In a word - Yes. Research shows that children who are born into or brought up in a high socio-economic status family (e.g. high wealthy, safe, provided for, warm, fed and watered) are more likely to have more cognitive and linguistic stimulation and quicker use of internalized private speech and greater and more successful social exchanges. Children born into or brought up in a lower socio-economic family are likely to have less input for their cognitive abilities and skills and be slower; it’s is likely there will be delays in their development. 

How can animal model studies support our understanding of child development?
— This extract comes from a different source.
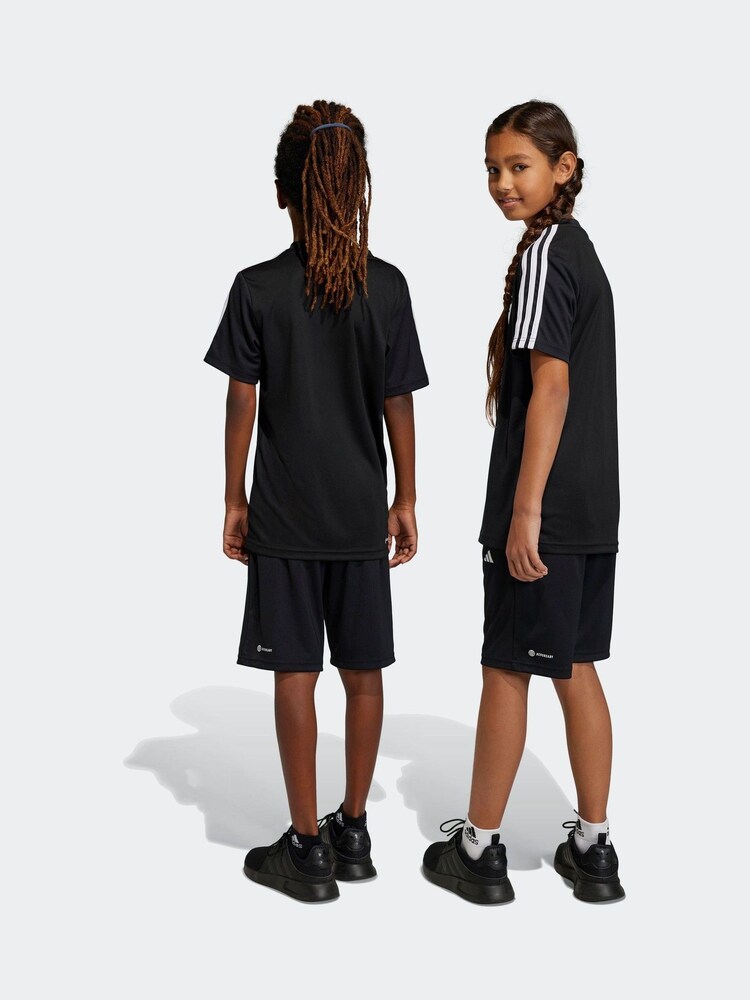 أسود - طقم Aeroready للتدريب بتفصيل عادي و3 خطوط من أساسيات تشكيلة ملابس التدريب الرياضية من adidas - Image 5 of 19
Unlike with children, you can control environments much more easily with animals. The ethics and morals of these tests are questionable however less so than if we were to inflict them on humans. Also, it is not socially acceptable to ‘investigate’ families for research, without consent, and so we face the problem that we can only work with those families with a willingness and an interest in child development. This could mean that those hard to reach families, who maybe most need to be supported and understood, are untouchable.
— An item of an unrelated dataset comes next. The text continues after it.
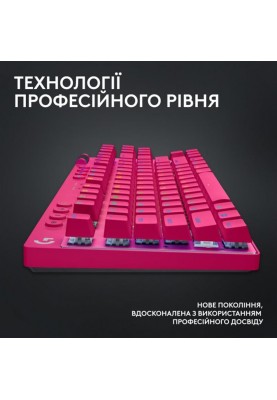 Клавiатура Logitech G PRO X TKL Lightspeed Magenta (920-012159)
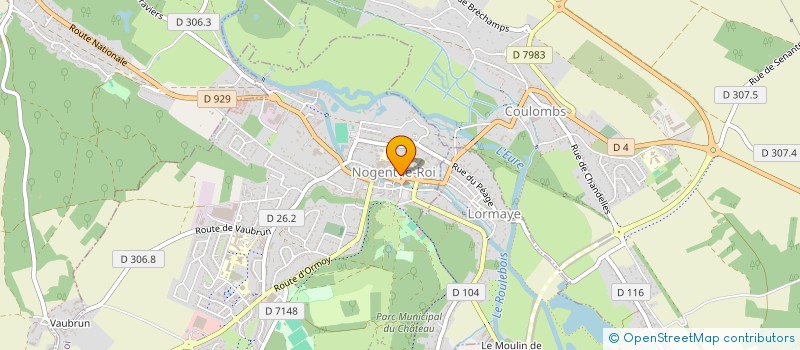 localisation de l'entreprise MONSIEUR QUENTIN CHENOIR à NOGENT-LE-ROI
For instance, in rats that were in deprived conditions it was observed that the prefrontal cortex (most important for cognition and cognitive development) did not develop healthily. Could we then assume that then same might be same for human development? And how can we see this in children - could behavior reveal synaptic changes? Is there a correlation between personality and cognitive development? And what can be done to support healthy development and reduce deprivation and subsequent unhealthy development?

What are the influences on Cognitive Development in humans, from a multi-disciplinary perspective?
Information from:
  • sensory
  • Motor activity
  • Immediate environment
  • Geography
  • Culture
“Embodied cognition” = interactions between motor and perceptual systems.
The mind and body cannot be separated; there is an interdependence and multi model link between perceptive, motor and cognitive systems.

The environment a baby/infant/child grows up in and the experiences they have is strongly dependent on the environment; cognitive development and culture (social, ecological setting) are inseparable. As such, it’s important to note that difference cultures put different emphasis on different cognitive, motor skills and perception systems. Equally, what is meaningful to one culture is different to another because of Geography.